• **Required work**
Task for the records below: please copy exactly, and only, the lines from the one containing "Indigofera heterantha Habit" to the last line, both included, leaving out the pictures.

(Extracted records)
↓↓↓

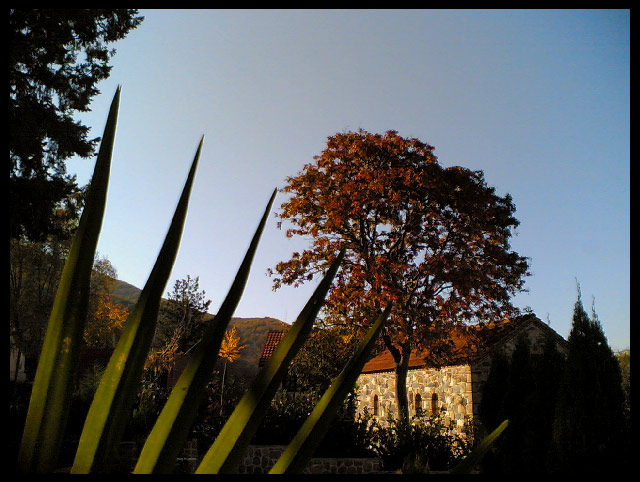 autumn sunset 2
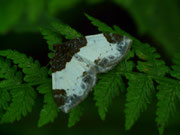Mesoleuca albicillata (Brombeeer-Blattspanner) / CH BE Reichenbach i.K., Faltschen, Bawald 1565 m, 30. 06. 2020 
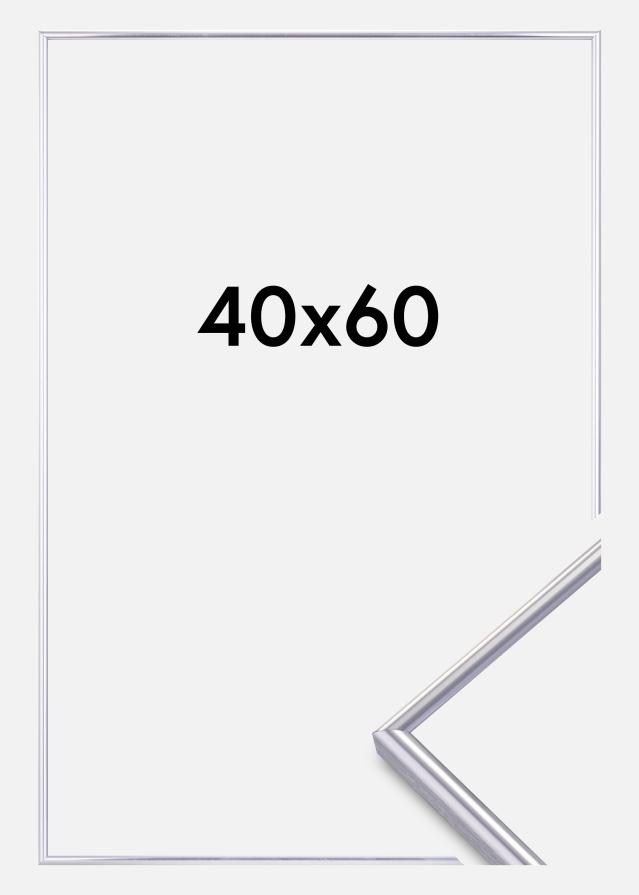 Focus Rahmen Can-Can Silber 40x60 cm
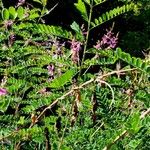 Indigofera heterantha Habit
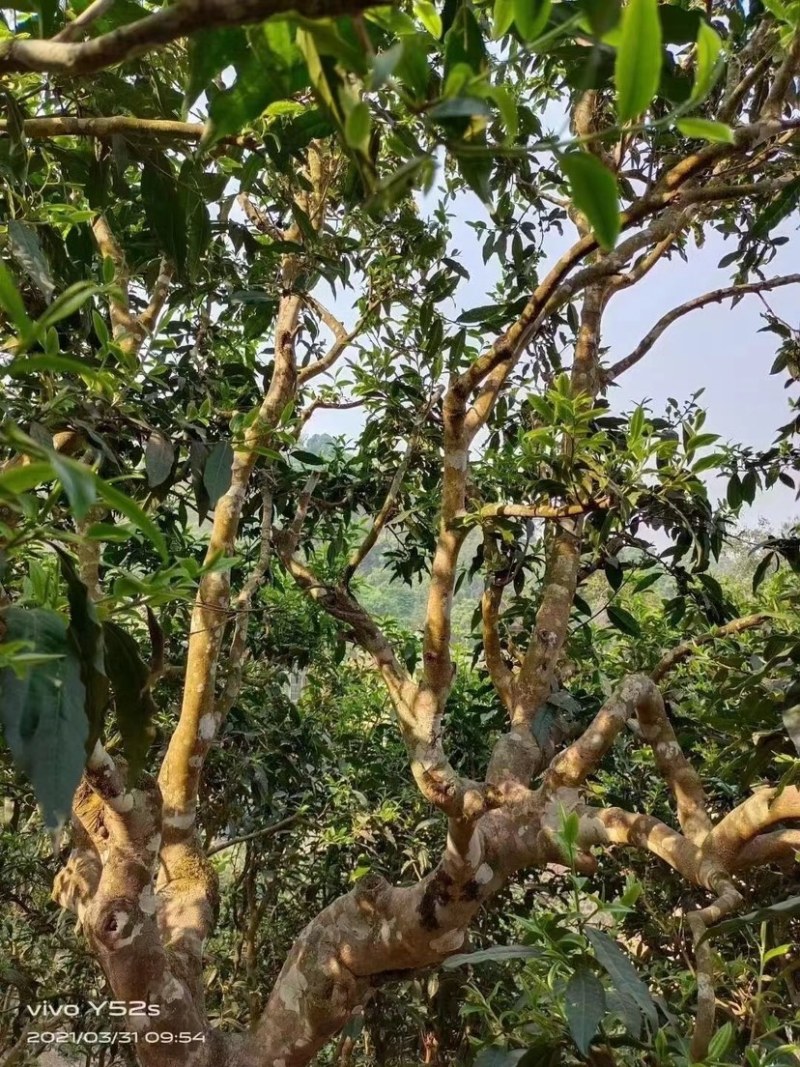 原生态古树茶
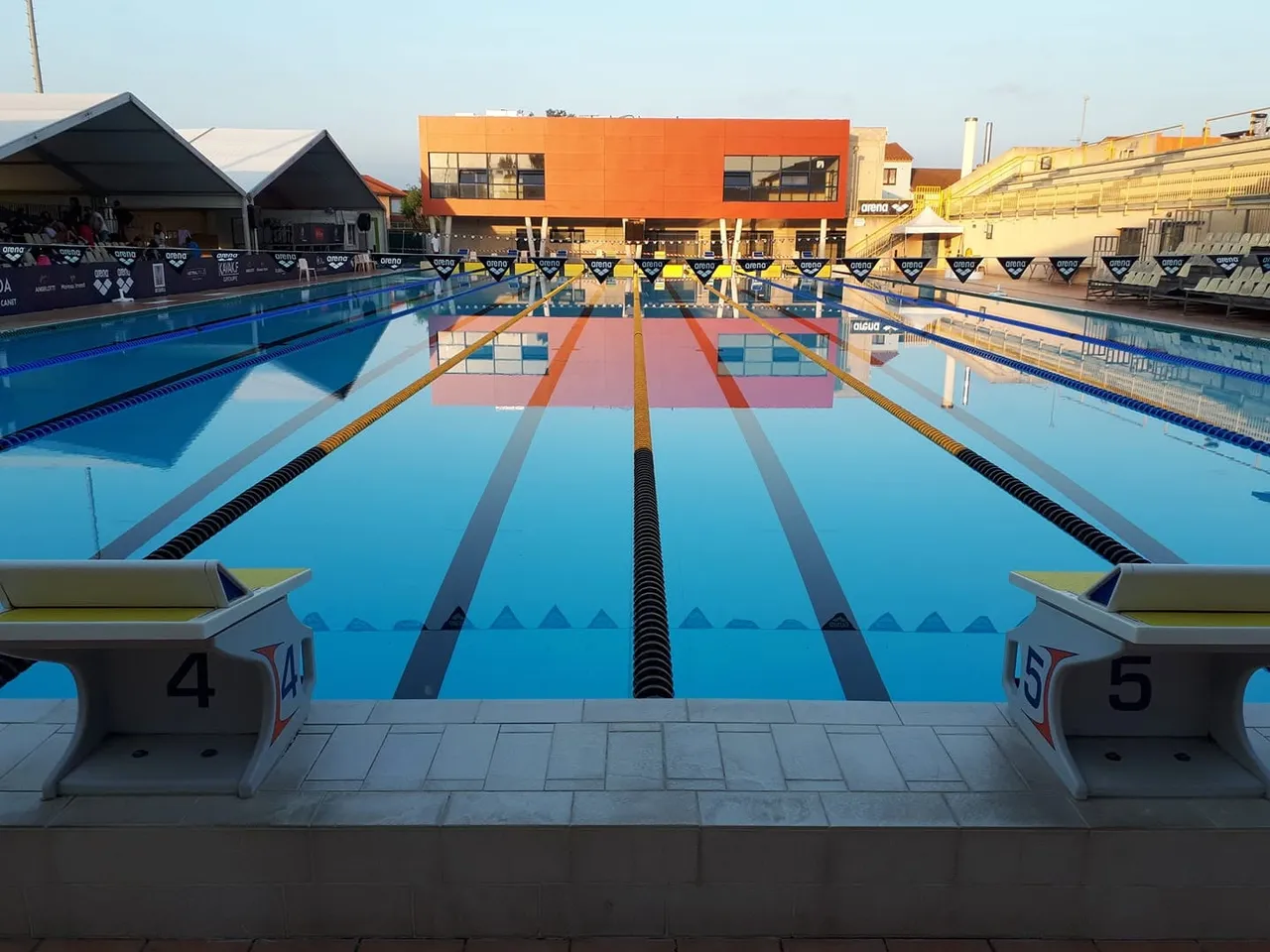 Canet-en-Roussillon : 50 ans de natation et une belle collection de champions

↑↑↑

• **Solution to this problem**
 Indigofera heterantha Habit
 原生态古树茶
 Canet-en-Roussillon : 50 ans de natation et une belle collection de champions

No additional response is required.